**TASK DESCRIPTION**: Lines below containing the word "Black" should be copied out.

[Caption-style text data]
☆ ☆ ☆ ☆ ☆ ☆ ☆
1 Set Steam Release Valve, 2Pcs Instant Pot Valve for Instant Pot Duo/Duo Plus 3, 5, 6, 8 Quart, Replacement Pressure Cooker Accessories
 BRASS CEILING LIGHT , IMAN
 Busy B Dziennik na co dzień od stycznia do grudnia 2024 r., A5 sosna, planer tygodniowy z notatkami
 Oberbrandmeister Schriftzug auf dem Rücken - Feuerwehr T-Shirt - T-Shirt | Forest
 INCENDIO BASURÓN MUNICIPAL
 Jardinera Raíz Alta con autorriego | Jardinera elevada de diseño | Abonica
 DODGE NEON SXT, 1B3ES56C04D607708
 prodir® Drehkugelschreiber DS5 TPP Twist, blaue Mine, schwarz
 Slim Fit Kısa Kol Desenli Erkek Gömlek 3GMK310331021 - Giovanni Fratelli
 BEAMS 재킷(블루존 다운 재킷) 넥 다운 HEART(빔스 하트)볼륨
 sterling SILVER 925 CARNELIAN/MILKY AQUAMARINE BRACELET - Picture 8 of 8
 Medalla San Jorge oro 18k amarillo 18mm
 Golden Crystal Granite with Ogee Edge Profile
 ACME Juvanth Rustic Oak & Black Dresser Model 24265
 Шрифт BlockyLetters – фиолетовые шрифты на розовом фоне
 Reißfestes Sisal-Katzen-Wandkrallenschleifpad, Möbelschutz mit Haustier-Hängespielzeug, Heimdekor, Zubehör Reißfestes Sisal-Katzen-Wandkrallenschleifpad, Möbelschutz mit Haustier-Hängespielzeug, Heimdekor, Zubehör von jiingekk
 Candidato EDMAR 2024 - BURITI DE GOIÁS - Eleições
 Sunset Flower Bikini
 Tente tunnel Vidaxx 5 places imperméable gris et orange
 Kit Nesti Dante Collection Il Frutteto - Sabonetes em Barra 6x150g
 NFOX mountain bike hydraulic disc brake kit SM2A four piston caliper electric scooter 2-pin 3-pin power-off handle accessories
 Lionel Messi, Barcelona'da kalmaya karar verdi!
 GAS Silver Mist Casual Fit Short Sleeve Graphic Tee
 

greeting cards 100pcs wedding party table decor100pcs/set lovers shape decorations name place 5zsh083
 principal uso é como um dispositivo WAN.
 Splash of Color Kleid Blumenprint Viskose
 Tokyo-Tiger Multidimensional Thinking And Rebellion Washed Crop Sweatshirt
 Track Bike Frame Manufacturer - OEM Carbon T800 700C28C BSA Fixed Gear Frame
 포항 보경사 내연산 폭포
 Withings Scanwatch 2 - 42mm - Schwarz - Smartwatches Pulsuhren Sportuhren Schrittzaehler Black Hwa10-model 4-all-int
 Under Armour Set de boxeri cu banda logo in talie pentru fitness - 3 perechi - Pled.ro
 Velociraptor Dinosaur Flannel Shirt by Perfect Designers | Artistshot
☆ ☆ ☆ ☆ ☆ ☆ ☆
**TASK SOLUTION**:
 ACME Juvanth Rustic Oak & Black Dresser Model 24265
 Withings Scanwatch 2 - 42mm - Schwarz - Smartwatches Pulsuhren Sportuhren Schrittzaehler Black Hwa10-model 4-all-int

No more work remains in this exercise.